Elektra is an opera by an unknown composer which is famous for its mysterious beginning and a chronic history of loss of life during its six productions. This opera should not be confused with another opera of the same name by Richard Strauss, which is far more conventional by today's standards and is not inked to any known fatalities.

The score was discovered by illiterate peasants in the 1800 and was sent to the Austrian emperor in Vienna. It is scored by an unknown composer for a gigantic orchestra and penned by an anonymous librettist in a text similar to ancient Greek but with characteristics of Shanghai dialect Chinese. It has been performed six disastrous times and the premier resulted in the greatest blood bath in operatic history. The most recent documented performance of Elektra was in Berlin at one of the city's seven opera houses but no one is sure which one. Production, direction and singers included the likes of Blissenbich, Schellenkempf, the up and coming Rovenscheller, the return to the stage by Minstermeister and the infamous Griegenfaffnelsteinburger. The orchestra had to be augmented with 700 auxiliary musicians in order to meet the demands of the music score and five conductors were needed in the final act. No one associated with this production is currently alive today.


This is a disputed slide print out from the opera. The use of 13/13 time signature is confusing nor is it clear which line represents which instrument. Touching the actual paper usually burns ones fingers.

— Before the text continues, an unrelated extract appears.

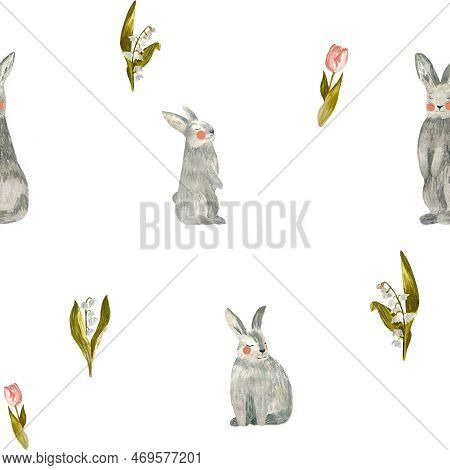 Rabbit Tulip Pink Snowdrop Pattern A Watercolor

A distant cousin of the Hapsburg emperor, presented his majesty with the score of an opera discovered in a metal canister inside a rock which peasants claimed the saw fall out of the sky. The emperor suspected it was a kind of prank as peasants had wild imaginations who both went to church AND believed in God. The paper was made of an unrecognisable material and had a strongly iridescent quality to it, and its ink could be read in the dark.

The score was inspected by court composer Haydn and court consultant Mozart who both felt somewhat ill while reviewing the musical lines. Haydn, who suffered a bloody nose while going over the score, found the subject of Elektra rather confusing and couldn't follow the strange rhythms. He didn't believe that a 900 piece orchestra was practical and thought the whole thing a strange joke. Mozart, always intrigued by the bizarre, suffered bleeding eyes while going over the score found inspiration in it's story and music and suggested that its performance be attempted.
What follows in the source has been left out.